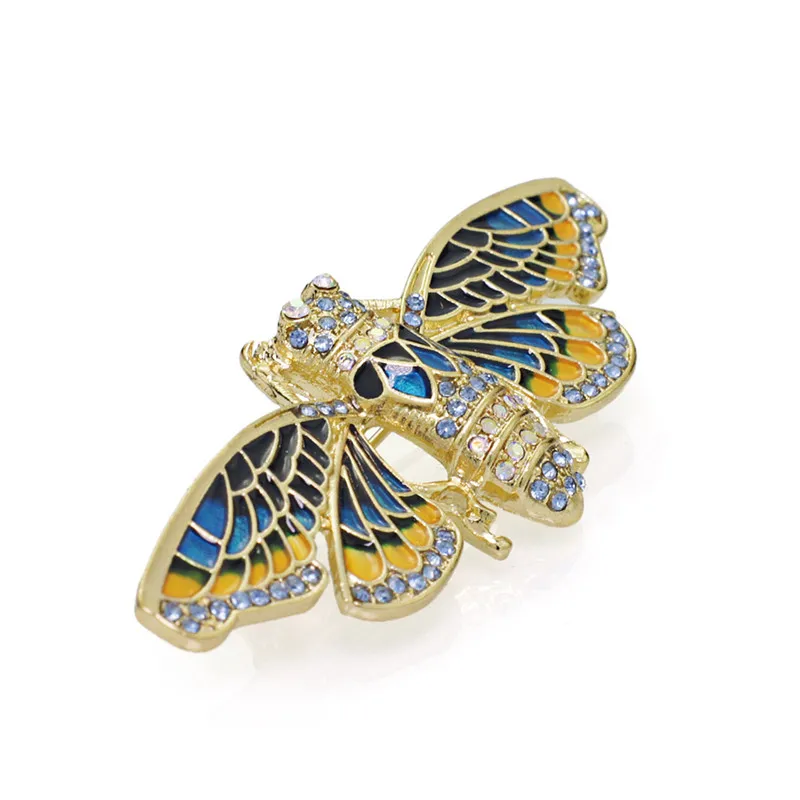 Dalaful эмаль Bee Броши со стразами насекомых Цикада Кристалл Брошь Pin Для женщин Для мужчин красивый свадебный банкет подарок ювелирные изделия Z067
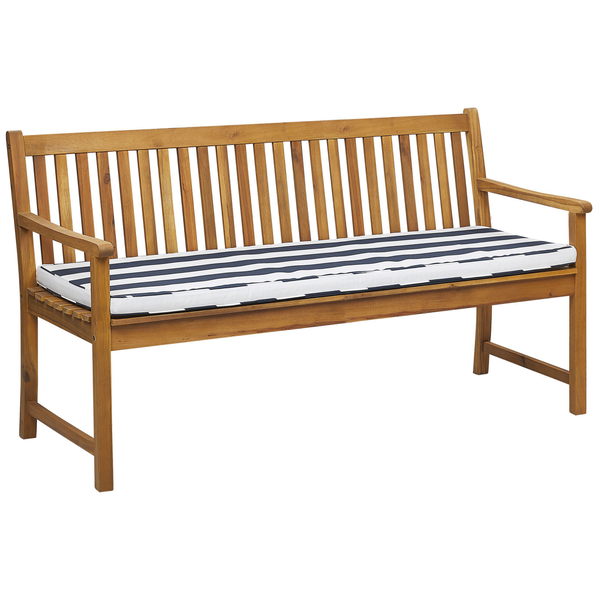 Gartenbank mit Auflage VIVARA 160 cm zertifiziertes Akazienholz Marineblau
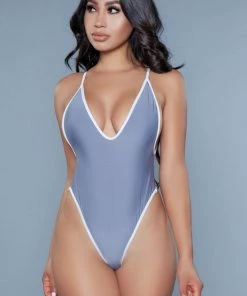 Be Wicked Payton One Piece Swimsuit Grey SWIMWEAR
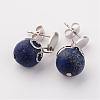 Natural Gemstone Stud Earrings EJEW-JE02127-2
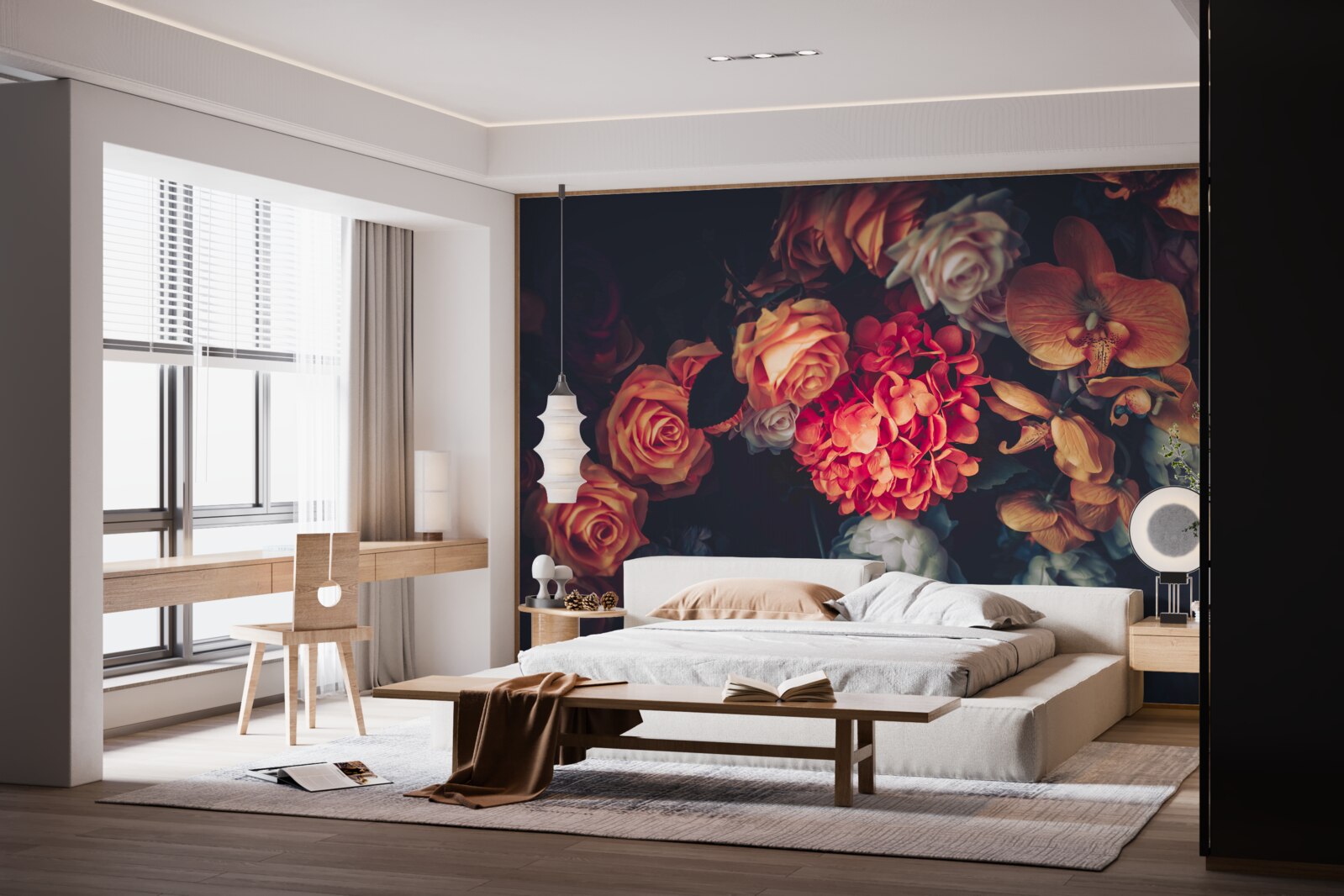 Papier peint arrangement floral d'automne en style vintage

THE TASK:
Set down the records above exactly as written, beginning with the first line and ending with the line that contains "Be Wicked Payton", and do not include pictures.

OUTPUT:
 Dalaful эмаль Bee Броши со стразами насекомых Цикада Кристалл Брошь Pin Для женщин Для мужчин красивый свадебный банкет подарок ювелирные изделия Z067
 Gartenbank mit Auflage VIVARA 160 cm zertifiziertes Akazienholz Marineblau
 Be Wicked Payton One Piece Swimsuit Grey SWIMWEAR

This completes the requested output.